7 Responses to “Beckenham May Queens”

  1. ChrisL says:

    Hi
    Knew that D300 was going to prove irresistible. :-)
    Tried one today but forgot a CF card to bring home the “souvenirs”
    M8 works fine though, this just around the corner from the camera shop.

    http://www.l-camera-forum.com/leica-forum/architecture/53257-wayfarers-arcade-southport-uk.html#post556001

    PS delete the link if you are unhappy at off site links from comments no offence taken.
    ChrisL

  2. I tried out both the D3 and the D300 shortly after they came out, and the D3 was better.

    But having thought about it long and hard I eventually decided the D300 was a better camera for me.

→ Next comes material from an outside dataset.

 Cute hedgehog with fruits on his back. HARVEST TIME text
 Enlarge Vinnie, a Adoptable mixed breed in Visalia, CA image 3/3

    Off site links are fine so long as they are photographic, though unless people are members of the l-camera-forum I don’t think they can see your post. I find having to use CornerFix a bit of a nuisance with the M8, but for me it’s hard to justify new lenses that wouldn’t need it. The M8 files were certainly a bit sharper than the D200, but I think the D300 will run it closer, and is certainly better at high ISO. But of course they are really different cameras, not comparable.

    Peter

  3. ChrisL says:

    Doh! forgot about the Leica forum not showing pictures to visitors, I’ve never found out why.
    The web consensus (not counting the extremes on both sides) seems to be M8=D3. I would fancy the Zeiss glass (primes, no auto focus) on the Nikon but then I’m still not really over my Ansel Adams quality counts/minolta spotmeter phase. I thought the focus on the D300 was very impressive indeed.

  4. At IS0 160 or even 320 the M8 may give similar resolution to the D3 or D300, but really the Leica falls way behind at higher ISO. The D300 is as good at 1600 as the M8 at 640 in most respects, and the D3 better still. Nikon colour is considerably better in my opinion, and Leica’s auto white balance often pathetic.

    One of my friends has a Zeiss lens on his Nikon, doesn’t seem a lot different to the equivalent Nikon to me, but I look at pictures not test charts. He’s happier with it than the Nikon, but I expect he had dropped that a few times.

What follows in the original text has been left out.